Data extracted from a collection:

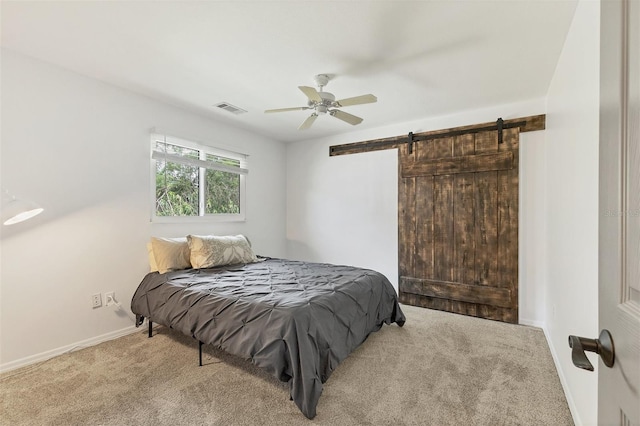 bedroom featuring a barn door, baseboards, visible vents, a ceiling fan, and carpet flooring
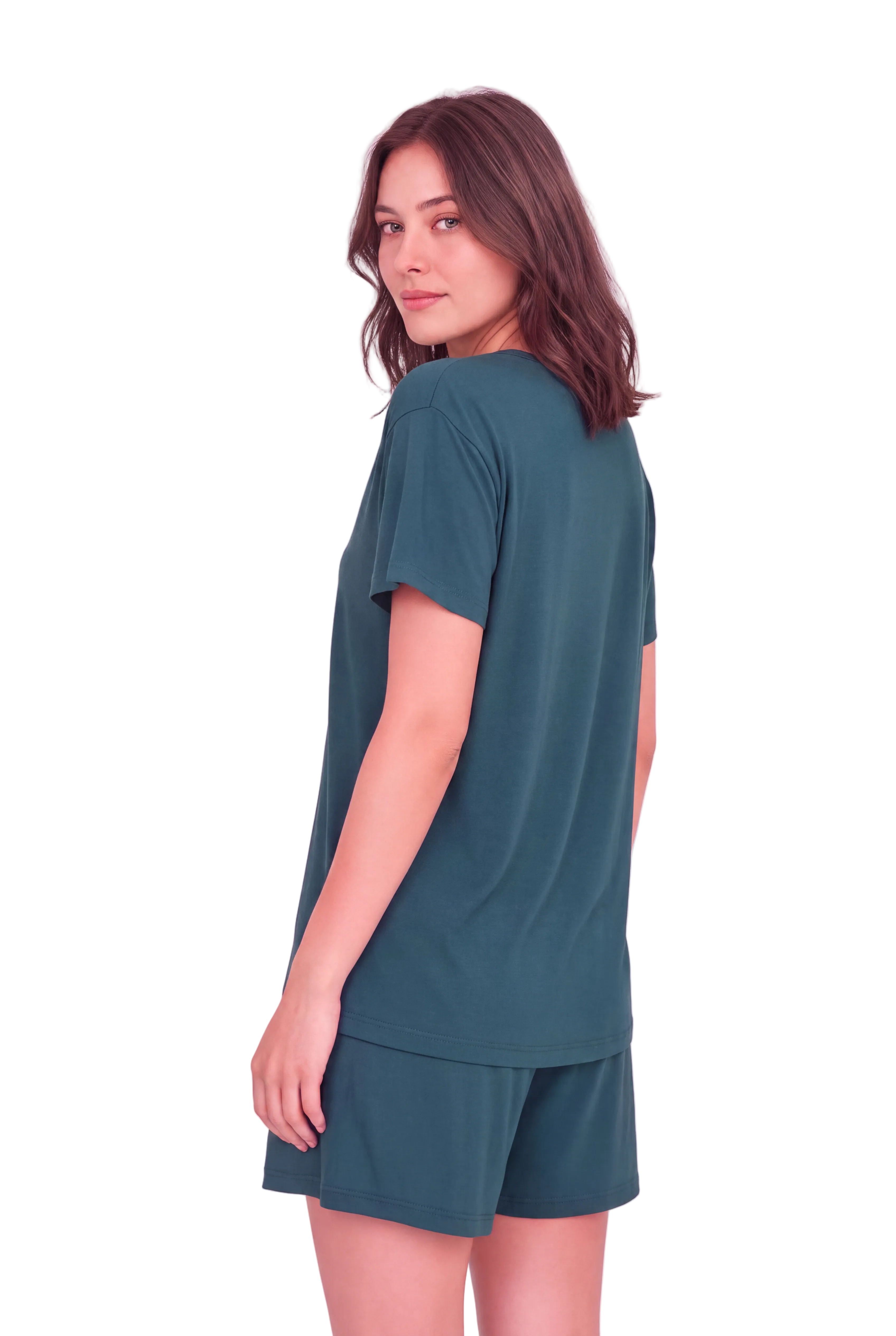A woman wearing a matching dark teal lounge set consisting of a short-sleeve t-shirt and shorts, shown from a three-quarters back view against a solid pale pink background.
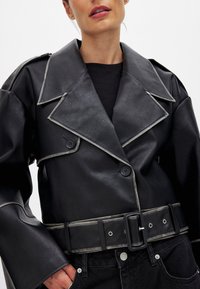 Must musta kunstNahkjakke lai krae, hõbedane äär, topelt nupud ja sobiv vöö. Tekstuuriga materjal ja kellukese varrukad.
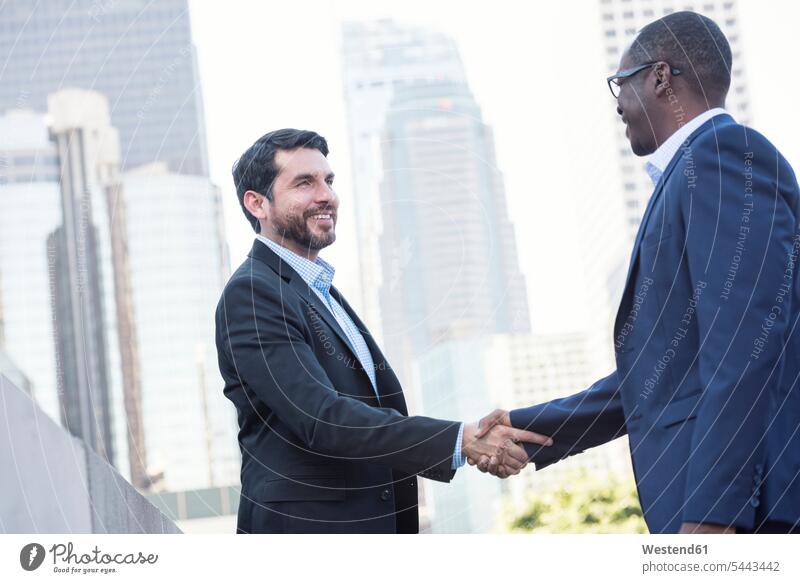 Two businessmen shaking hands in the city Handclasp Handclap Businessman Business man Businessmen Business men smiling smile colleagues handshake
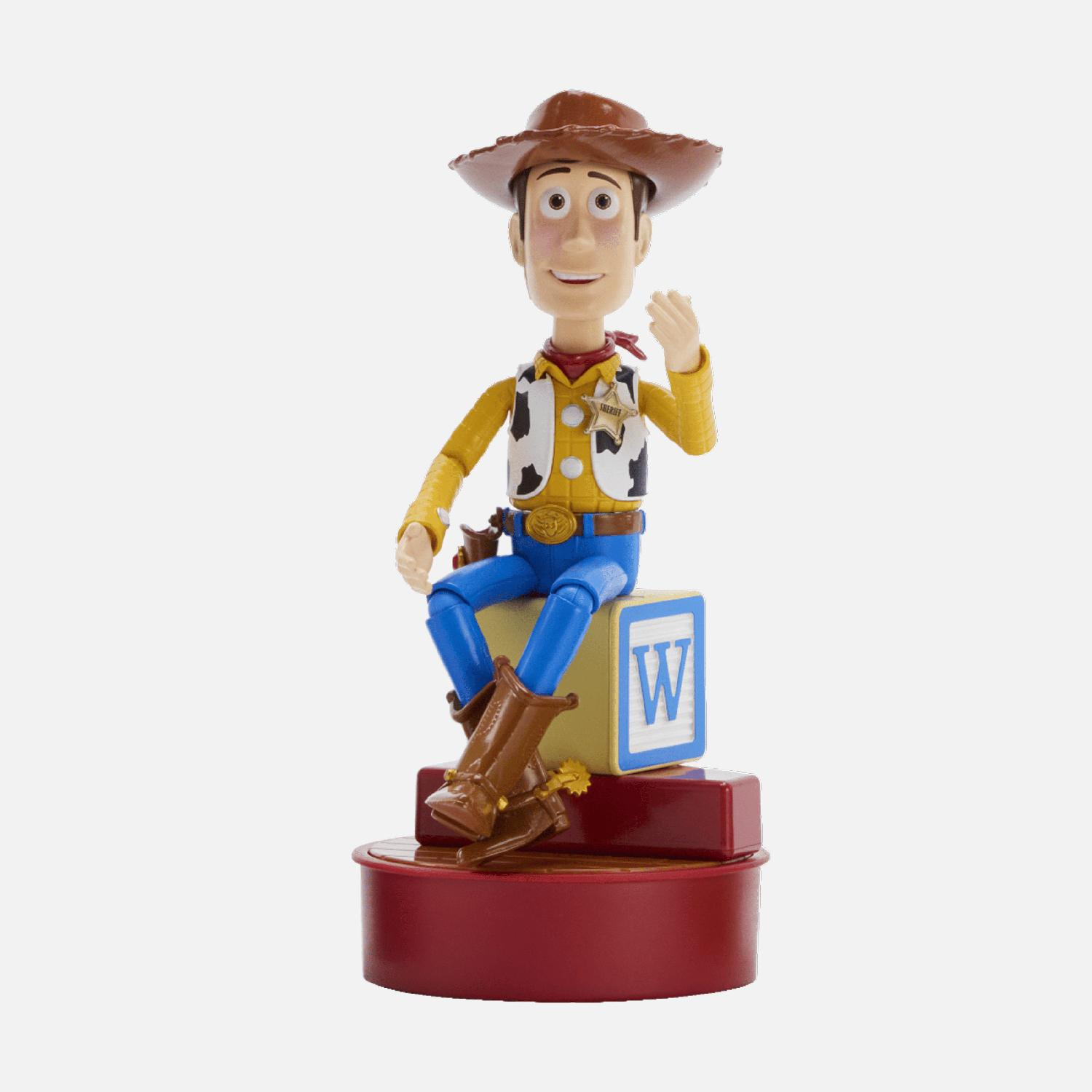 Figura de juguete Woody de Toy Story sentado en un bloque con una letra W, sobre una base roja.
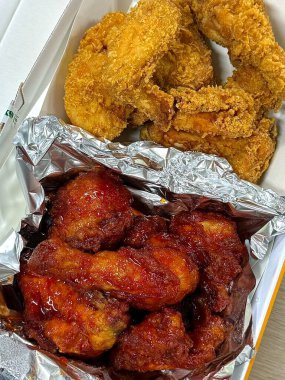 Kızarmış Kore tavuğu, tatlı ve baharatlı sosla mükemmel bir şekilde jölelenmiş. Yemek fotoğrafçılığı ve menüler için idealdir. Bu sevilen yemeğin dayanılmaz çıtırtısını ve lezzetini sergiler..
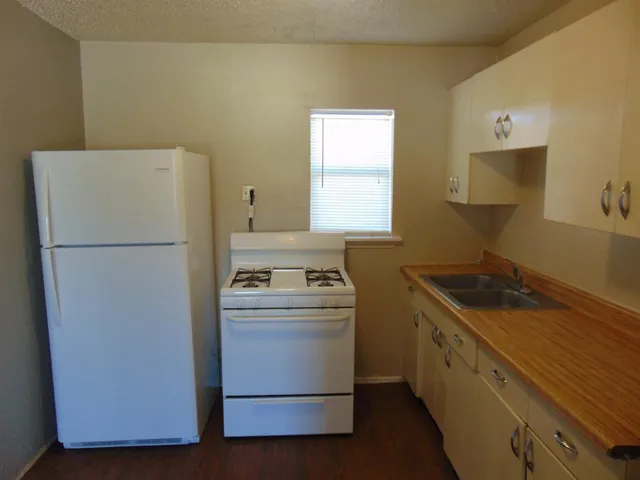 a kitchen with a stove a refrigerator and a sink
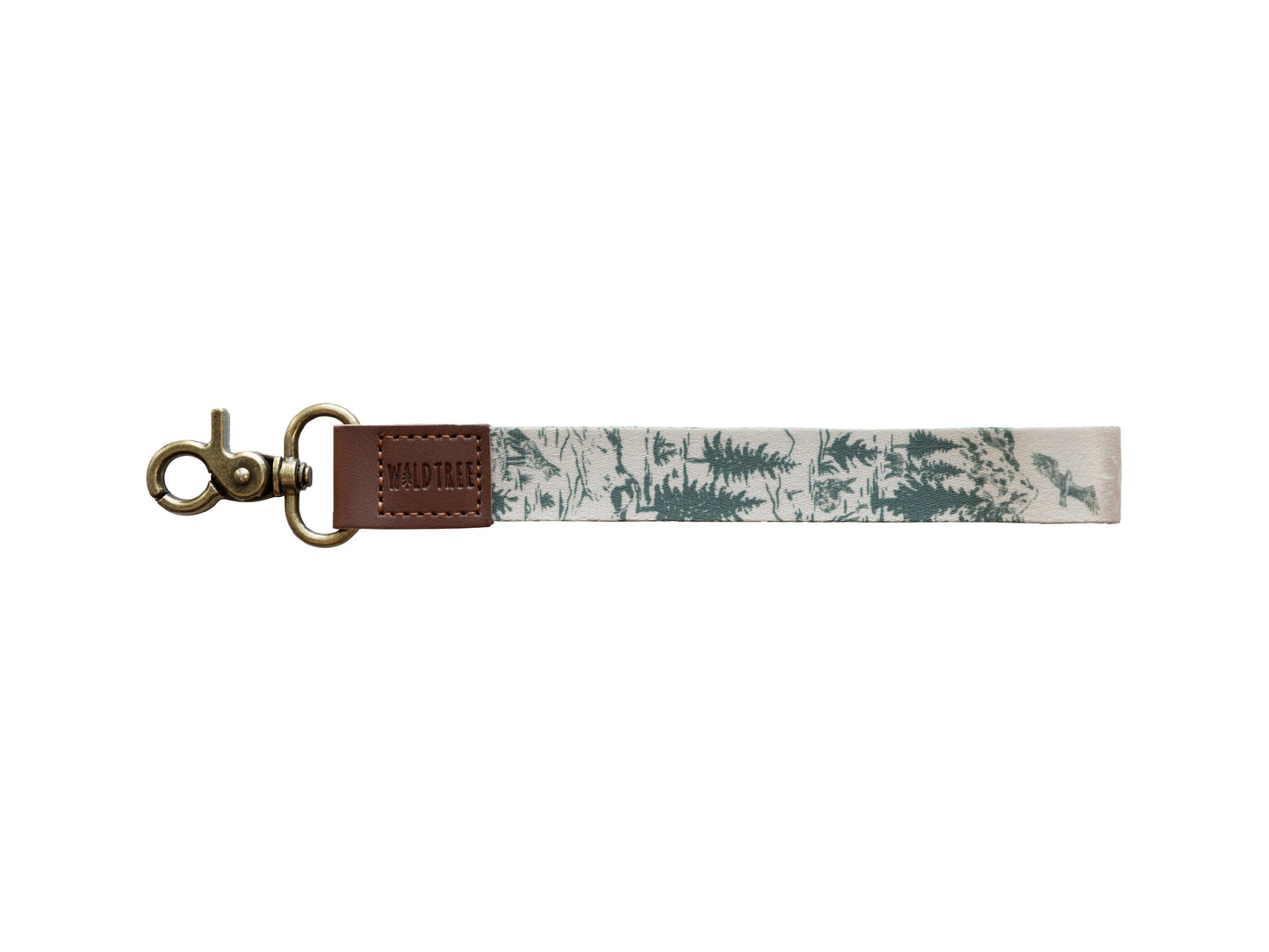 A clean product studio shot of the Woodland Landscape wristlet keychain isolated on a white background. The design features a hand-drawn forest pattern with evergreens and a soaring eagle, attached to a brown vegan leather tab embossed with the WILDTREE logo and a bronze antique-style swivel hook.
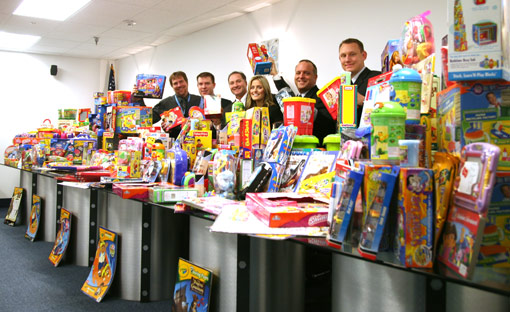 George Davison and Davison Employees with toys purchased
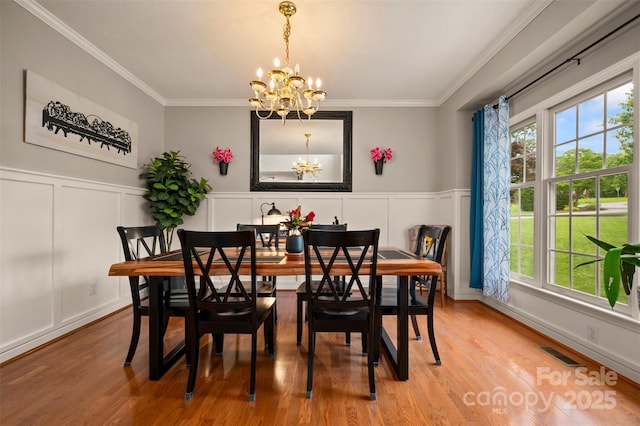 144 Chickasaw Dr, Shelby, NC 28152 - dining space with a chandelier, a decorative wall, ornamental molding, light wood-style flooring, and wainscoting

DIRECTIONS:
In the entries above, every line from the line with "Kızarmış Kore tavuğu, tatlı" to the line with "a kitchen with" is to be printed exactly, with both ends included and pictures excluded.

ANSWER FOR THE TASK:
 Kızarmış Kore tavuğu, tatlı ve baharatlı sosla mükemmel bir şekilde jölelenmiş. Yemek fotoğrafçılığı ve menüler için idealdir. Bu sevilen yemeğin dayanılmaz çıtırtısını ve lezzetini sergiler..
 a kitchen with a stove a refrigerator and a sink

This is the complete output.